Notice that the property `f = fst ∘ ⟨ f , g ⟩`

is true when the domain of `f`

is in the domain of `g`

, in particular, when they are both total, which again shows why we prefer to work in a semantics with total functions only.

Let us restart the main derivation again, this time use the tupling:

```
max# ∘ p ◁ ∘ segs
= max# ∘ map (max# ∘ p ◁ ∘ inits) ∘ tails
= max# ∘ map (fst ∘ ⟨ max# ∘ p ◁ ∘ inits , φ ⟩) ∘ tails
= { since map# ∘ map fst = fst ∘ map#', see below}
fst ∘ max#' ∘ map ⟨ max# ∘ p ◁ ∘ inits , φ ⟩ ∘ tails
= { derivation above }
fst ∘ max#' ∘ map (foldr step ([], ι) ∘ tails
= fst ∘ max#' ∘ scanr step ([], ι)
```

where `map#'`

compares the lengths of the first components.

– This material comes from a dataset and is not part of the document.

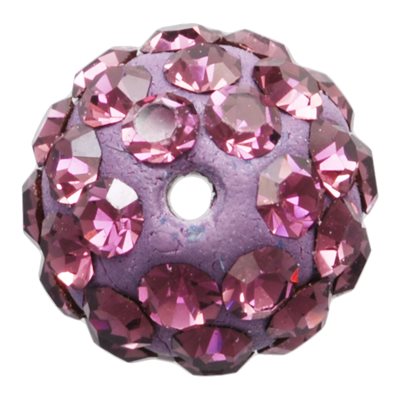 6.0mm Amethyst Crystal Bead 1.0mm Hole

This is a linear-time algorithm.

### Next… Windowing?

What if `p`

is not overlap-closed? Zantema used a technique called *windowing*, which I will defer to next time…

### Reference

- H. Zantema. Longest Segment Problems Sci. Comput. Program. 18(1): 39-66 (1992).